The criminal record of appellant Plath came into evidence by a different route. At the original trial of this case, appellant Plath took the witness stand during the guilt phase and on direct examination revealed his own prior criminal record. He now complains that this same information, exactly as he volunteered it, was placed before the jury in the sentencing trial presently on appeal.

One of Plath's chief witnesses in mitigation was Officer Charles Robertson of the City Police Department in York, Pennsylvania. On direct examination, Officer Robertson testified in some detail concerning Plath's criminal record, all for the purpose of explaining how he came to know the defendant and in order to then discuss Plath's subsequent religious activities. Significantly, the State did not cross-examine this witness concerning appellant's record. We are at a loss to understand how Plath can complain about the admission of his criminal record when the same information would have inevitably been introduced in the course of his own showing in mitigation.

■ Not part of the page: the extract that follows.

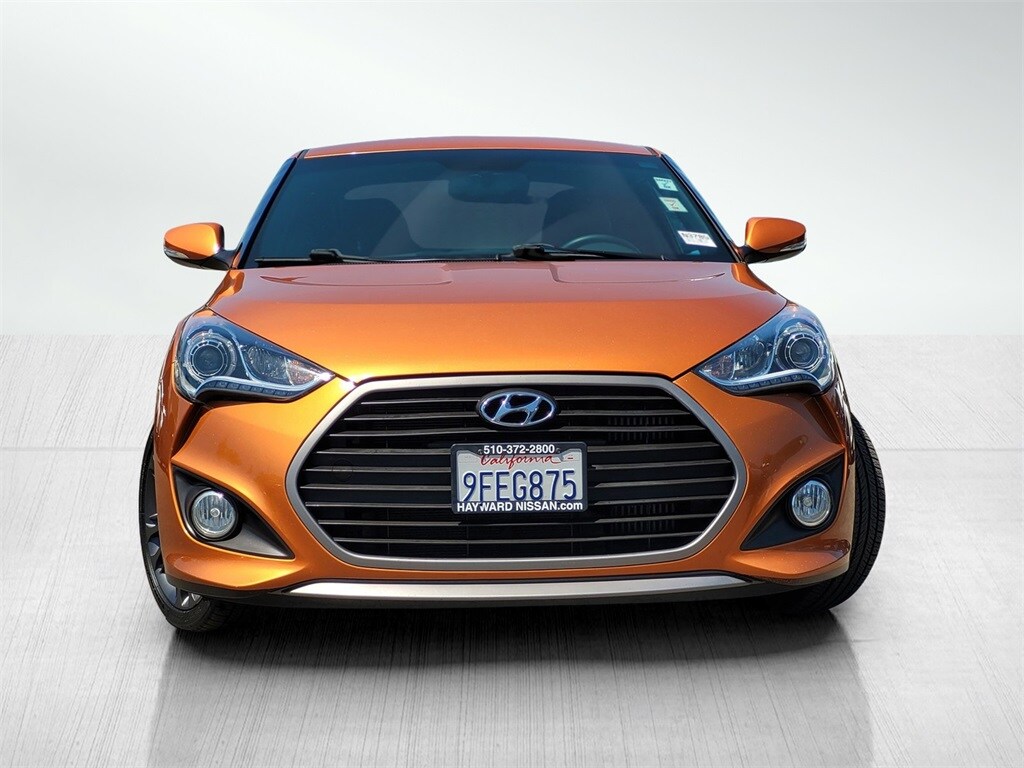 2016 Hyundai Veloster Turbo photo 2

This Court has given serious consideration to the complaints of both appellants because they reflect a profound misconception of the capital sentencing trial as such. Section 16-3-20(B), Code, governs original trials as to sentence: "In the sentencing proceeding, the jury or judge shall hear additional evidence in extenuation, mitigation or aggravation of the punishment." Section 16-3-25(E), Code, provides for retrial as to sentence, such as here occurred:

In the resentencing proceeding, the new jury, if the defendant does not waive the right of a trial jury for the resentencing proceeding, shall hear evidence in extenuation, mitigation or aggravation of the punishment in addition to any evidence admitted in the defendant's first trial relating to guilt for the particular crime for which the defendant has been found guilty.

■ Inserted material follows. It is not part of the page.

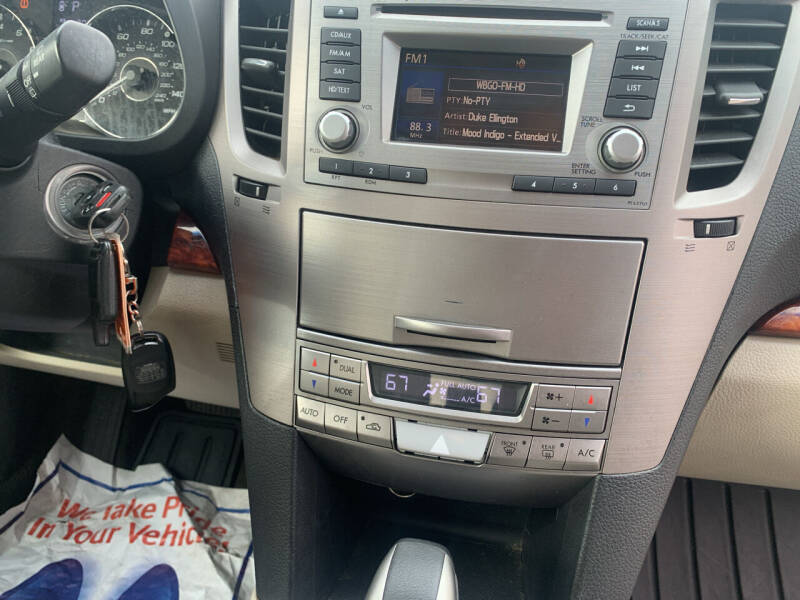 2012 Subaru Outback 2.5i Limited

Information as to a defendant's record of previous criminal convictions has always been deemed relevant to the process of imposing sentence upon a plea or verdict of guilt. So fundamental is this proposition that it requires no citation of authority, but we note in passing that the current A.B.A. Standards for Criminal Justice assume the relevance of such information in guidelines on jury trials (Standard 15-3.4) and on presentence reports (Standard 18-5.1). Appellants place a wholly misconceived reliance upon Henry v. Wainwright, 661 F.2d 56, for no claim is made that a prior criminal record constitutes an "aggravating circumstance" in South Carolina.

The position taken by appellants would lead to an inconsistent result: the defendant convicted of an aggravated murder would enjoy greater protection in the determination of his sentence than a defendant found guilty of far lesser offenses. We decline to adopt such a view and instead hold that information concerning prior criminal convictions shall be admissible as additional evidence during the sentencing or resentencing phase of a capital trial under our statute.

We find, therefore, that Plath's criminal record was properly admitted in accordance with our statute and the course of the previous conviction trial.

(b) Appellant Plath offered testimony of several witnesses to his jailhouse religious conversion and to his subsequent good works of Christian devotion. Apparently Plath made or took part in making two inspirational tape cassettes for use in...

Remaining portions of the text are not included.